Configuration security automation

Participants : Rémi Badonnel [contact] , Abdelkader Lahmadi, Olivier Festor, Nicolas Schnepf, Maxime Compastié.

The main research challenge addressed in this work is focused on enabling configuration security automation in dynamic networks and services. In particular our objective is to support the efficient configuration and orchestration of security management operations.

The continuous growth and variety of networking significantly increases the complexity of management. It requires novel autonomic methods and techniques contributing to detection and prevention performances with respect to vulnerabilities and attacks.

We have pursued during Year 2017 the efforts on the orchestration of security functions in the context of mobile smart environments, with our joint work with Stephan Merz of the VeriDis project-team at Inria Nancy. We had already defined an automated verification technique, based on an extension of an SDN language, for checking both the control and the data planes related to security chains [24]. Complementarily, we proposed a strategy for generating SDN policies for protecting Android environments based on automata learning. Our solution collects traces of flow interactions of their applications, aggregates them in order to build finite-state models, and then infer SDN policy rules. We have designed and implemented aggregation and automata learning algorithms that allow precise and generic models of applications to be built. These models will be then used for configuring chains of security functions specified in the Pyretic language and verified with our Synaptic checker. We have developed a prototype of our solution implementing these algorithms, and evaluated its performances through a series of experiments based on the backend process miners Synoptic and Invarimint, in addition to our own algorithm. The experiments showed the benefits and limits of these methods in terms of simplicity, precision, genericity and expressivity, while varying the level of aggregation of the input flow traces.
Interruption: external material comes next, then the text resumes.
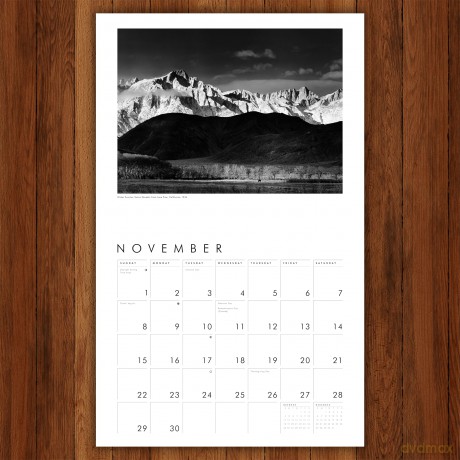 Ansel Adams 2026 Wall Calendar [KSIĄŻKA]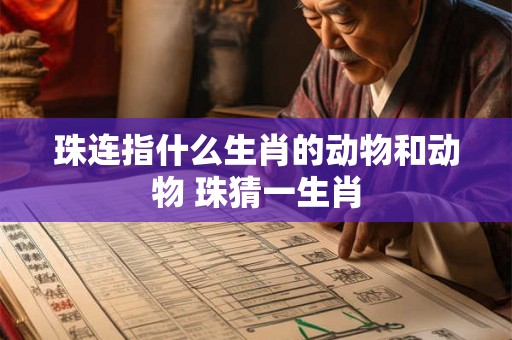 珠连指什么生肖的动物和动物 珠猜一生肖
In addition, we have worked on our software-defined security framework, for enabling the enforcement of security policies in distributed cloud environments. This framework relies on the autonomic paradigm to dynamically configure and adjust these mechanisms to distributed cloud constraints, and exploit the software-defined logic to express and propagate security policies to the considered cloud resources [13]. In particular, we have investigated during Year 2017 the exploitability of unikernels to support our framework. Unikernels permit to build highly-constrained configurations limited to the strict necessary with a time-limited validity. We take benefits of their properties to reduce the attack exposure of cloud resources. We have formalized and integrated into our software-defined security framework, on-the-fly generation mechanisms of unikernel images that cope with security policy requirements. In that context, security mechanisms are directly integrated to the unikernel images at building time. A proof of concept prototype based on MirageOS was developed and the performance of such a software-based security strategy was evaluated through extensive series of experiments. We have also compared them to other regular virtualization solutions. Our results show that the costs induced by security mechanisms integration are relatively limited, and unikernels are well suited to minimize risk exposure.